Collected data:
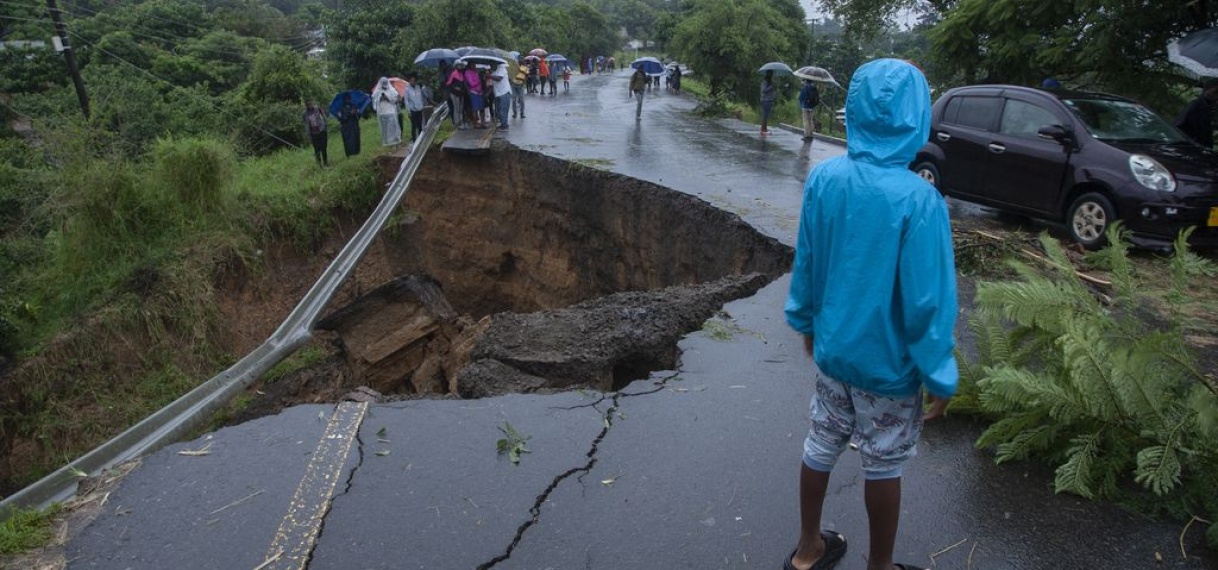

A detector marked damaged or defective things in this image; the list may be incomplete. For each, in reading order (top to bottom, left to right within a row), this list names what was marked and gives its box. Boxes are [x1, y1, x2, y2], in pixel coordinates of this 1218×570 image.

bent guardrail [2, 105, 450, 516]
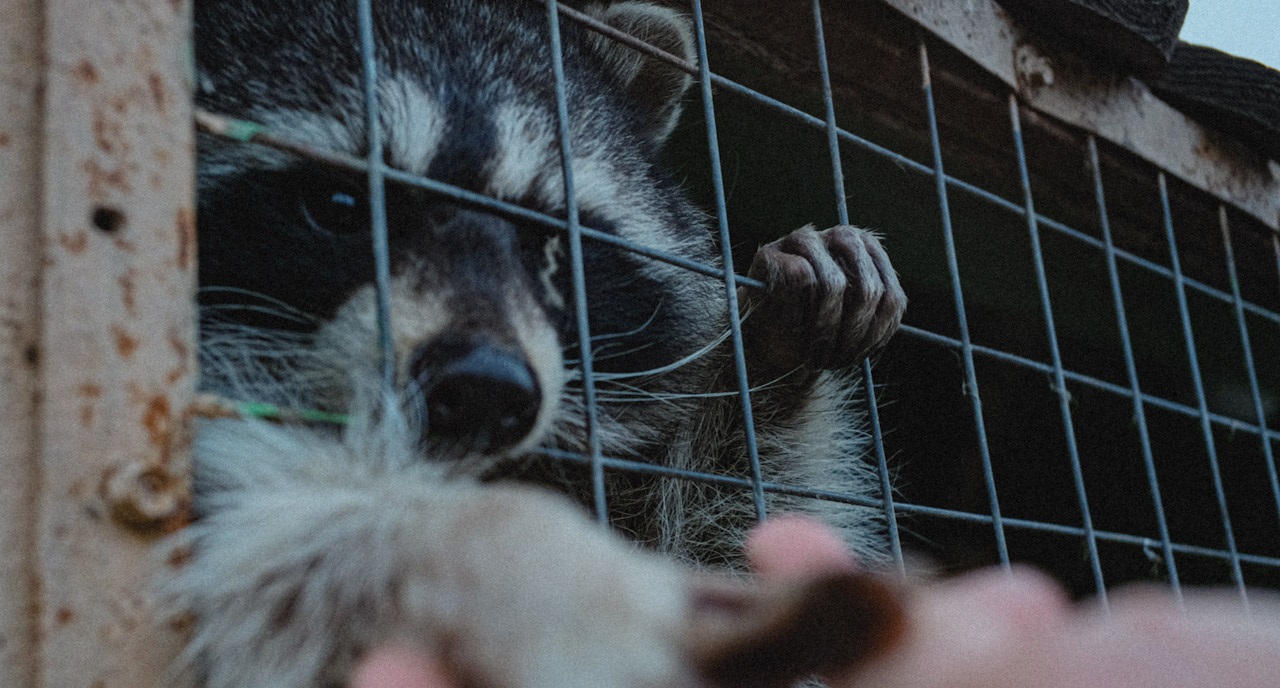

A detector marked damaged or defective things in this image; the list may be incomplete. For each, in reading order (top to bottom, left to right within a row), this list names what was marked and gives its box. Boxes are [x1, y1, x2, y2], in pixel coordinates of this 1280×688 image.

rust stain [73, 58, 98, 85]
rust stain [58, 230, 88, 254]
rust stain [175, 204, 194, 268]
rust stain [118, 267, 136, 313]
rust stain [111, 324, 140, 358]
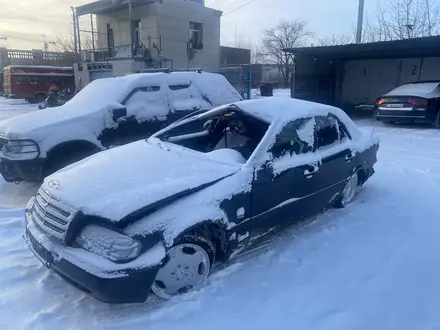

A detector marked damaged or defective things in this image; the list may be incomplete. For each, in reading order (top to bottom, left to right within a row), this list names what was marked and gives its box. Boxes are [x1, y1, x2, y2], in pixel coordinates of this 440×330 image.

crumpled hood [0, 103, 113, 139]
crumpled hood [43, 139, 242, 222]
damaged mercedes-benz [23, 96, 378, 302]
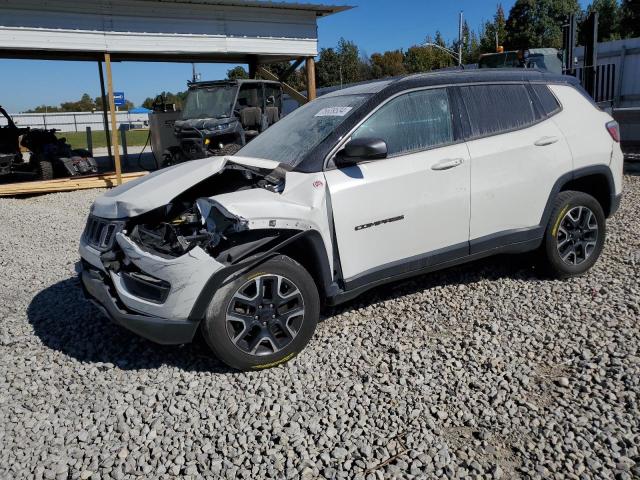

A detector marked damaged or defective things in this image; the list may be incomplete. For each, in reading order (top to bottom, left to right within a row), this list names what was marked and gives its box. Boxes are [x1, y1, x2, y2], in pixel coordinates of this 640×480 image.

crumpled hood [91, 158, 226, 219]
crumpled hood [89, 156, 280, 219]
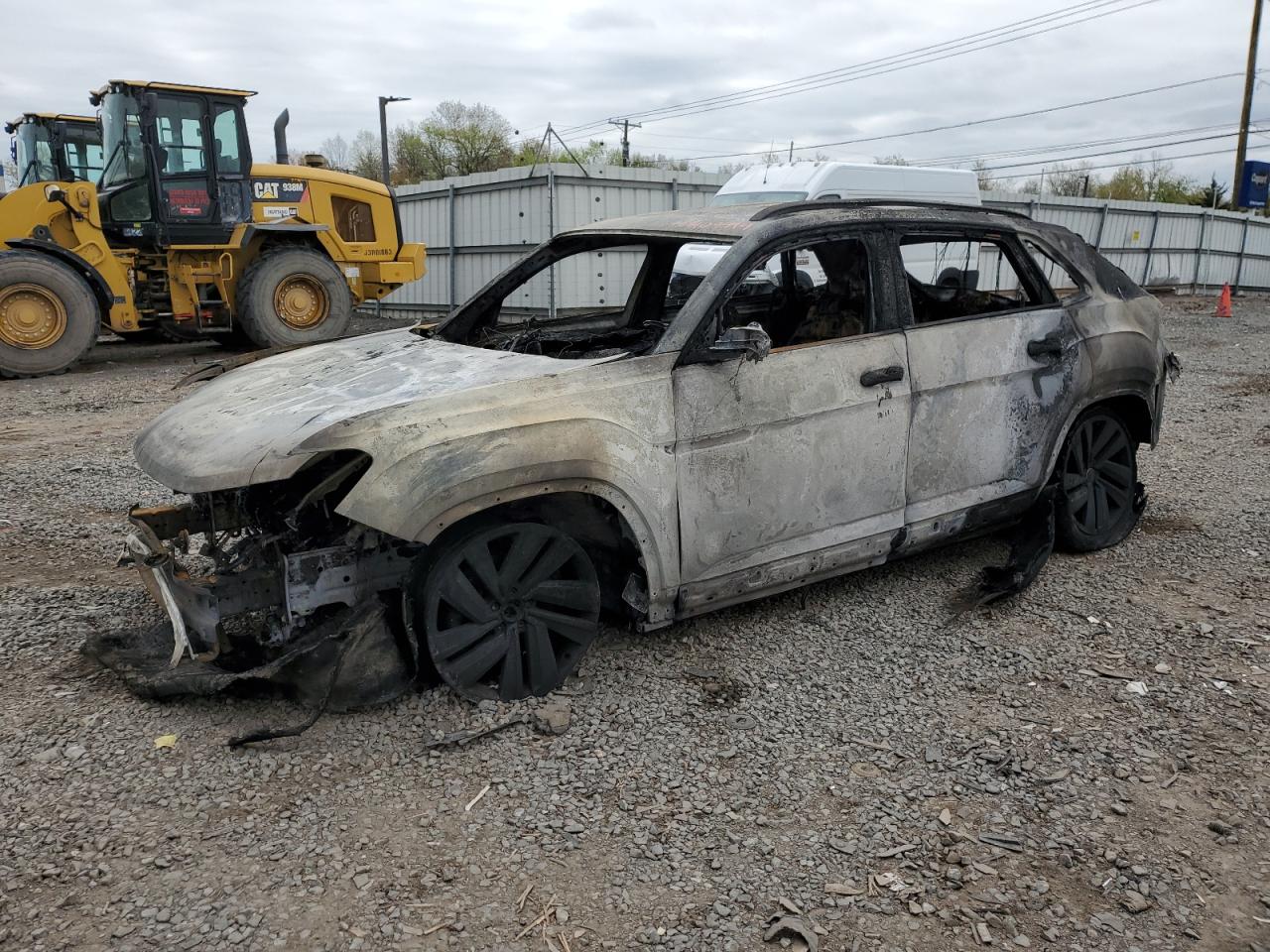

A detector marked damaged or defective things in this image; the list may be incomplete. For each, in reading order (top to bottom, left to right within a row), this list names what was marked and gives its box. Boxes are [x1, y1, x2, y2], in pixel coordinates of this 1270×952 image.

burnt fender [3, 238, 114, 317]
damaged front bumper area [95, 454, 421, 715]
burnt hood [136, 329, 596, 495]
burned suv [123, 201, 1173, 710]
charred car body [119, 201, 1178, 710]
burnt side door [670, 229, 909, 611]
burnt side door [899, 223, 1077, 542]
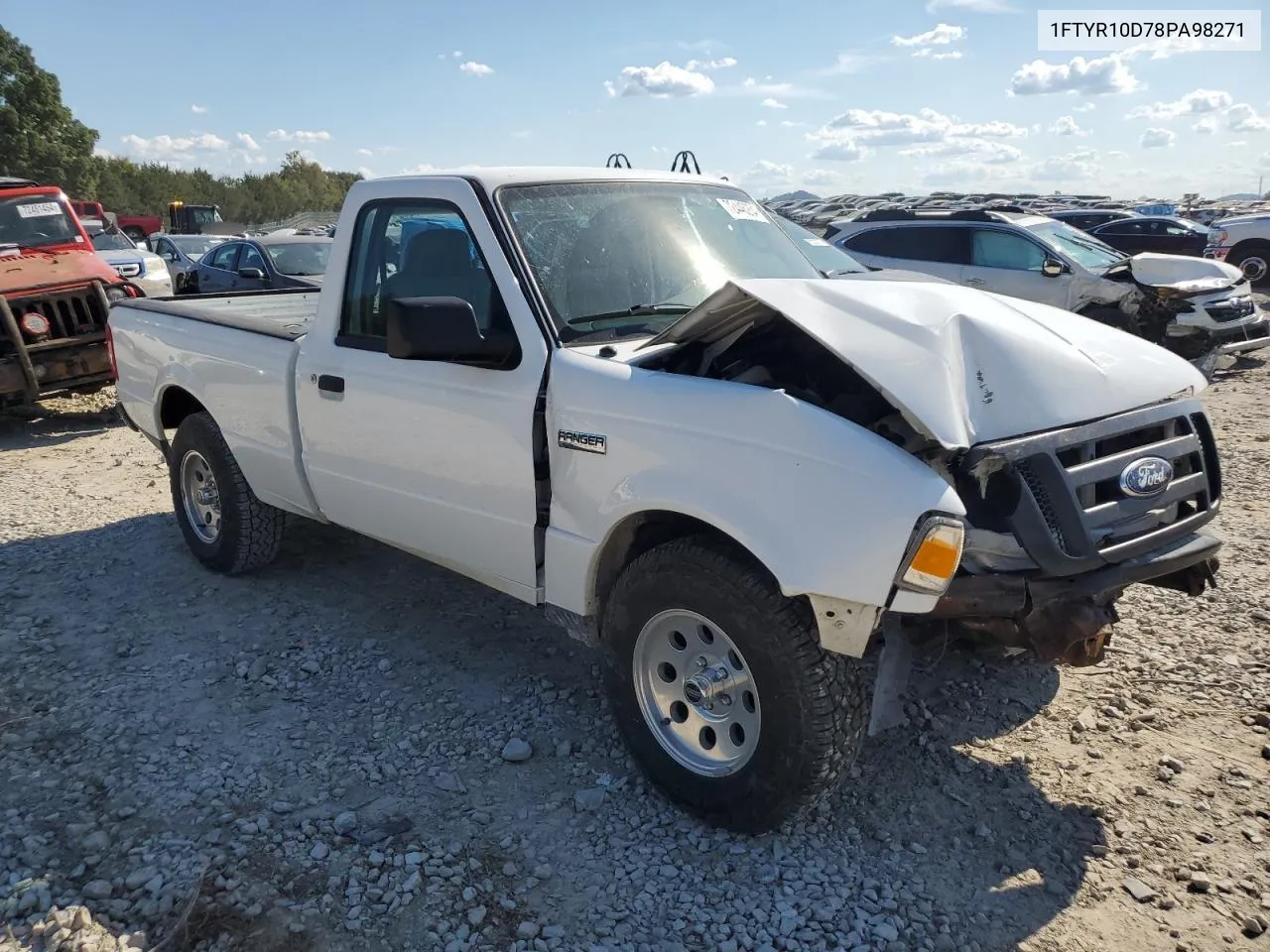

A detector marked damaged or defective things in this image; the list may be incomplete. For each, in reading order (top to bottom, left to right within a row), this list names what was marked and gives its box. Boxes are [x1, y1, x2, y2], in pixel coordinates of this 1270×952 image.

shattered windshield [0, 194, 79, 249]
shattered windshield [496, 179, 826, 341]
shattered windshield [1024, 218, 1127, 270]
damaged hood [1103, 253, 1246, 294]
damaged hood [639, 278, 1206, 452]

_The task_
Starting at the line that contains "this 640×480 image.", retype each line through the end of the data exactly, and leave out every picture.

_Reply to the task_
A detector marked damaged or defective things in this image; the list may be incomplete. For each, in reading order (top to bottom, left to right within a row), this list names what was marked and gives its box. Boxes are [x1, y1, x2, y2], in pixel coordinates of this 640×480 image.

crumpled hood [91, 158, 226, 219]
crumpled hood [89, 156, 280, 219]

A detector marked damaged or defective things in this image; the list may be incomplete. For each, in reading order (top to bottom, left to right within a row), this list names what was marked and gives its box. Boxes are [x1, y1, x2, y2], in pixel coordinates of this 1270×952 image.

burnt fender [3, 238, 114, 317]
damaged front bumper area [95, 454, 421, 715]
burnt hood [136, 329, 596, 495]
burned suv [123, 201, 1173, 710]
charred car body [119, 201, 1178, 710]
burnt side door [670, 229, 909, 611]
burnt side door [899, 223, 1077, 542]

A detector marked damaged or defective things in this image; the list may be incomplete. For each, in reading order (top to bottom, left to right within a row), this list names what was marked and gives its box. Boxes are [x1, y1, x2, y2], in pixel coordinates of this 1270×952 image.

shattered windshield [0, 194, 79, 249]
shattered windshield [496, 179, 826, 341]
shattered windshield [1024, 218, 1127, 270]
damaged hood [1103, 253, 1246, 294]
damaged hood [639, 278, 1206, 452]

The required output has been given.